We live by keeping the commandments of Christ to draw life from His Body and Blood. Compare the words of Christ in John Chapter 6 and the actions of Christ at the Last Supper, the Eucharistic meal of Mark Chapter 14. Christ did not reveal the Eucharist as a symbolic act only.
Those who deny the presence of Christ in the Eucharist as faithfully maintained in the Apostolic Churches are either ignorant of or willfully in denial of the earliest teachings of the churchmen who immediately followed the Apostles.

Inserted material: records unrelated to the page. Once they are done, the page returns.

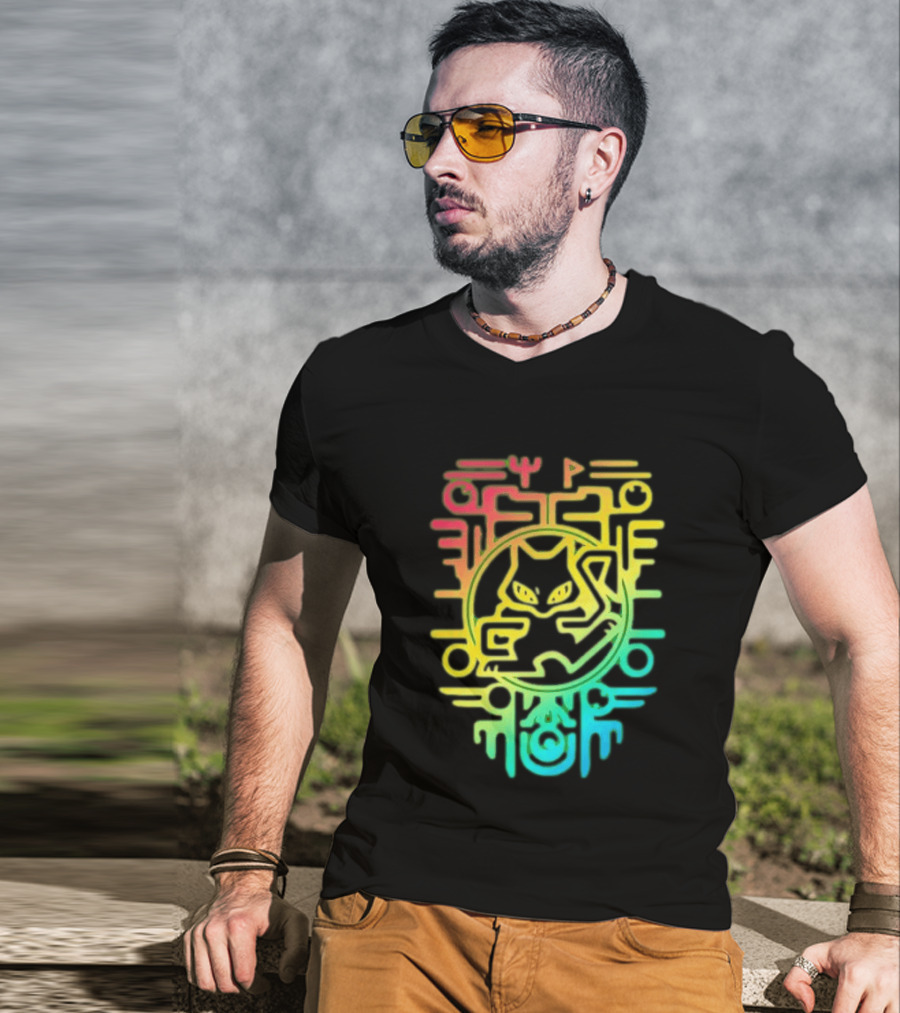 Og Ancient Mew And Mewtwo Pokemon Holographic Hieroglyphic T-Shirt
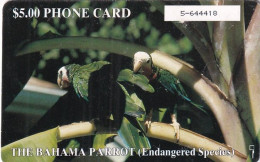 BAHAMAS ISL.(chip) - The Bahama Parrot(BAH C5C), Small Number In Box, Chip GEM1, Used - Bahama's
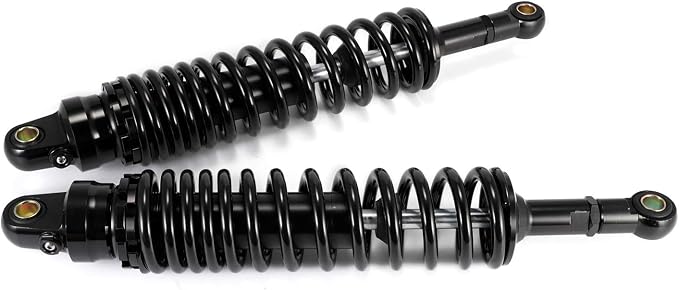 360mm 380mm 400mm 420mm Universal Motorbike Air Shock Absorber Rear Suspension ATV Quad Scooter Dirt Bike For YZF-R1 YZF-R6 YZF-125 XC EXC XCF (Black, 13.38 inch 340mm)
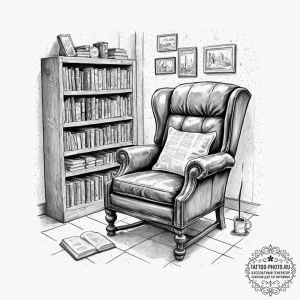 A quiet corner of a used bookstore, with over... - эскиз тату (№1752103947_0, 09.07.2025 23:32) — tattoo-photo.ru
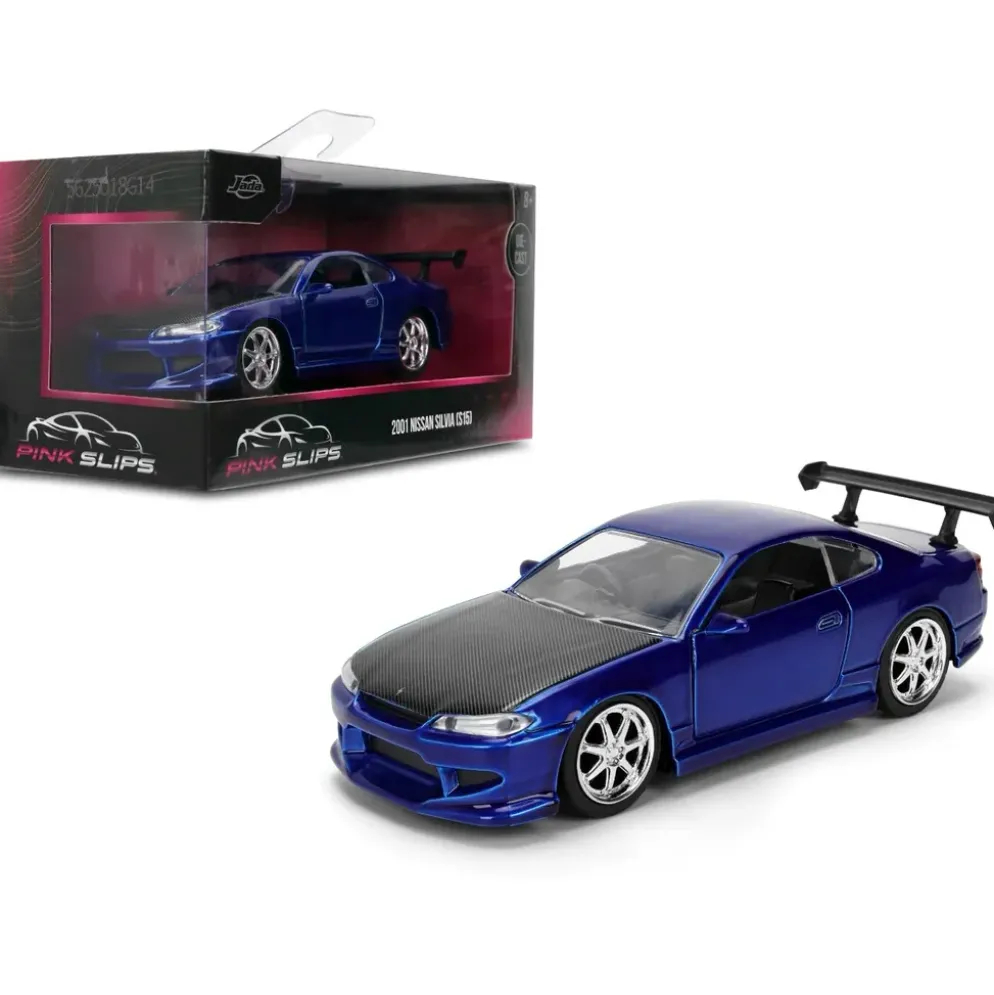 2001 Nissan Silvia (S15) - Blå - Pink Slips - Jada - 13 cm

One example among many is from Justin Martyr. He was born not long after the composition of the Gospel of John and the time of that Apostle’s death. Justin lived until around 165 AD. His writings form one of the largest deposit of early records of the Church. From his work, The Apologies:
This food we call the Eucharist, of which none are allowed to be partakers but such only as are true believers, and have been baptized in the Laver of Regeneration for the remission of sins, and live according to Christ’s precepts; for we do not take this as common bread, and common wine. But as Jesus Christ our Saviour was made flesh by the Logos of God, and had real flesh and blood for our salvation, so are we taught that this food, which the very same Logos blessed by prayer and thanksgiving, is turned into the nourishment and substance of our flesh and blood; and is in some sense the flesh and blood of the incarnate Jesus. For the Apostles, in their commentaries called the Gospels, have left this command upon record, “That Jesus took bread, and when He had given thanks, He said, Do this in commemoration of Me, for this is My body; And in like manner He took the cup, and when He had given thanks, He said, This is My blood,” and delivered it to them only… After this sacrament is over, we remind each other of the obligations to his duty, and the rich relieve the poor; and upon such charitable accounts we visit some or other every day.
So it was from the very earliest points of faith in our Lord, God, and Savior, Jesus Christ, through the undivided First Thousand Years of the Church, and up until the falling away of the past few hundred years due to the teachings of Protestant extremists. Salvation was known to come to us through living out our baptism: keeping faith with Christ by uniting ourselves with His Altar and receiving the Eucharist and the Real Presence, while we imitated Him in all things and lived with everyone in love, peace, and self-sacrifice.
I risk judgment on myself if I dare to ask who outside the apostolic Churches can be saved, especially as I abuse Christ and deny God every day in my own sinful life. If there is such a question to be asked, however, this is it: “Except through His abundant mercy and compassion, how does God save where the real presence of Christ in the Eucharist is denied?”
The prayer of the Eastern Church just prior to the faithful’s receipt of the Eucharist:
I believe and confess, Lord, that You are truly the Christ, the Son of the living God, who came into the world to save sinners, of whom I am the first. I also believe that this is truly Your pure Body and that this is truly Your precious Blood. Therefore, I pray to You, have mercy upon me, and forgive my transgressions, voluntary and involuntary, in word and deed, known and unknown. And make me worthy without condemnation to partake of Your pure Mysteries for the forgiveness of sins and for eternal life. Amen
How shall I, who am unworthy, enter into the splendor of Your saints? If I dare to enter into the bridal chamber, my clothing will accuse me, since it is not a wedding garment; and being bound up, I shall be cast out by the angels. In Your love, Lord, cleanse my soul and save me.
Loving Master, Lord Jesus Christ, my God, let not these holy Gifts be to my condemnation because of my unworthiness, but for the cleansing and sanctification of soul and body and the pledge of the future life and kingdom. It is good for me to cling to God and to place in Him the hope of my salvation.
Receive me today, Son of God, as a partaker of Your mystical Supper. I will not reveal Your mystery to Your adversaries. Nor will I give You a kiss as did Judas. But as the thief I confess to You: Lord, remember me in Your Kingdom.